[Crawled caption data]
* * *
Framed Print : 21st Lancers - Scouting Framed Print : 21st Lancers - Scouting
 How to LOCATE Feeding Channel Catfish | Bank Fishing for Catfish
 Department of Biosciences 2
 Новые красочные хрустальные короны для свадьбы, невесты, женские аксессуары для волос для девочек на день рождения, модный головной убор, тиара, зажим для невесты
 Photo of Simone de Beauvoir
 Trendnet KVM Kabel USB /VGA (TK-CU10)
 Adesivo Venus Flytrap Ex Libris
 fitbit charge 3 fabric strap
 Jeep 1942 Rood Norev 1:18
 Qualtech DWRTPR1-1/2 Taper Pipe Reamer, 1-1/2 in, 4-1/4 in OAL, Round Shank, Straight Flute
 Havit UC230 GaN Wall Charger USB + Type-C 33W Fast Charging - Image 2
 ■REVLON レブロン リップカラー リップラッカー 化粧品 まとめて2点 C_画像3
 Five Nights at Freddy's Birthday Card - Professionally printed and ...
* * *
Aim of the exercise ▸
Take the records above and copy them out exactly.

Solution ▸
Framed Print : 21st Lancers - Scouting Framed Print : 21st Lancers - Scouting
 How to LOCATE Feeding Channel Catfish | Bank Fishing for Catfish
 Department of Biosciences 2
 Новые красочные хрустальные короны для свадьбы, невесты, женские аксессуары для волос для девочек на день рождения, модный головной убор, тиара, зажим для невесты
 Photo of Simone de Beauvoir
 Trendnet KVM Kabel USB /VGA (TK-CU10)
 Adesivo Venus Flytrap Ex Libris
 fitbit charge 3 fabric strap
 Jeep 1942 Rood Norev 1:18
 Qualtech DWRTPR1-1/2 Taper Pipe Reamer, 1-1/2 in, 4-1/4 in OAL, Round Shank, Straight Flute
 Havit UC230 GaN Wall Charger USB + Type-C 33W Fast Charging - Image 2
 ■REVLON レブロン リップカラー リップラッカー 化粧品 まとめて2点 C_画像3
 Five Nights at Freddy's Birthday Card - Professionally printed and ...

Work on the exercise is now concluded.